[Items listed in a dataset]
*****

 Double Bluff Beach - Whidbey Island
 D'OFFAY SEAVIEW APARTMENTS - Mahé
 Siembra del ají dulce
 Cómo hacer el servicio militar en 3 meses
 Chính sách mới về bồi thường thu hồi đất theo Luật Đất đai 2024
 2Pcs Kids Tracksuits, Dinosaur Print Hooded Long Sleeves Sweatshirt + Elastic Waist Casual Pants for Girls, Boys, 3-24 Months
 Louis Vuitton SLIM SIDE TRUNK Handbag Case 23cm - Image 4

*****

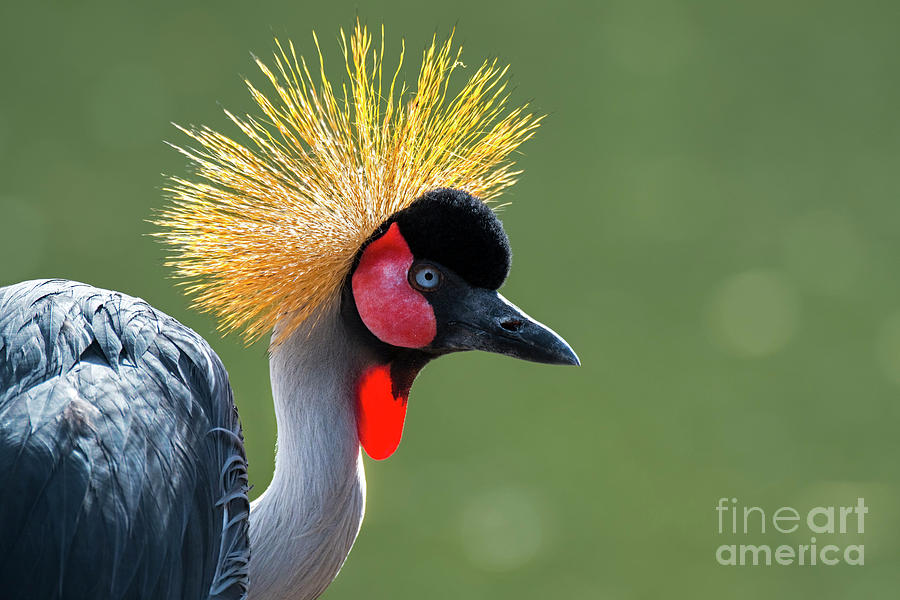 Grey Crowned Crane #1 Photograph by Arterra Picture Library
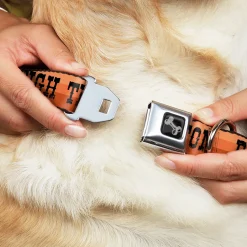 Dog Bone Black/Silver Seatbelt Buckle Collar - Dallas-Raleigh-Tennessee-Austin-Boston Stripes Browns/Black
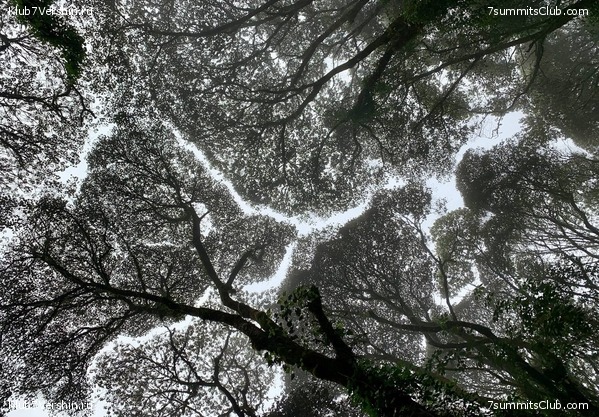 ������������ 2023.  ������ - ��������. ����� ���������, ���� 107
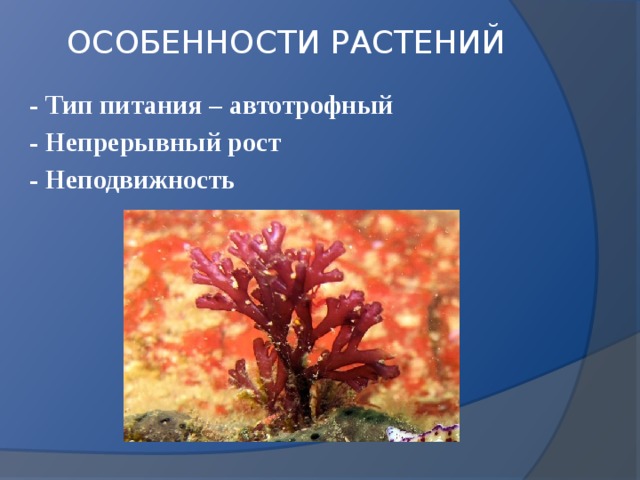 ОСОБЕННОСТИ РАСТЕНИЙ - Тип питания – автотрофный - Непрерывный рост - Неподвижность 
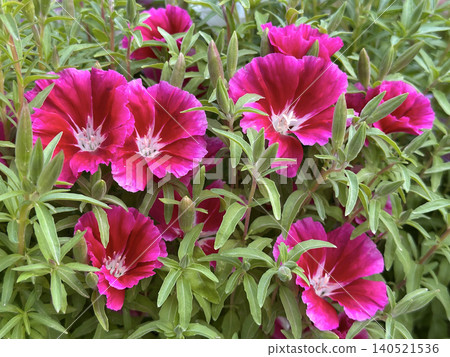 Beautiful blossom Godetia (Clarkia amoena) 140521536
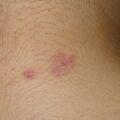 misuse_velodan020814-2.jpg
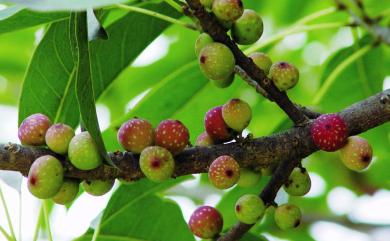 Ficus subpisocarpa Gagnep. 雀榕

*****

From the entries above, extract only the lines running from the one containing "Double Bluff Beach - Whidbey Island" through the one containing "Louis Vuitton SLIM", inclusive.

 Double Bluff Beach - Whidbey Island
 D'OFFAY SEAVIEW APARTMENTS - Mahé
 Siembra del ají dulce
 Cómo hacer el servicio militar en 3 meses
 Chính sách mới về bồi thường thu hồi đất theo Luật Đất đai 2024
 2Pcs Kids Tracksuits, Dinosaur Print Hooded Long Sleeves Sweatshirt + Elastic Waist Casual Pants for Girls, Boys, 3-24 Months
 Louis Vuitton SLIM SIDE TRUNK Handbag Case 23cm - Image 4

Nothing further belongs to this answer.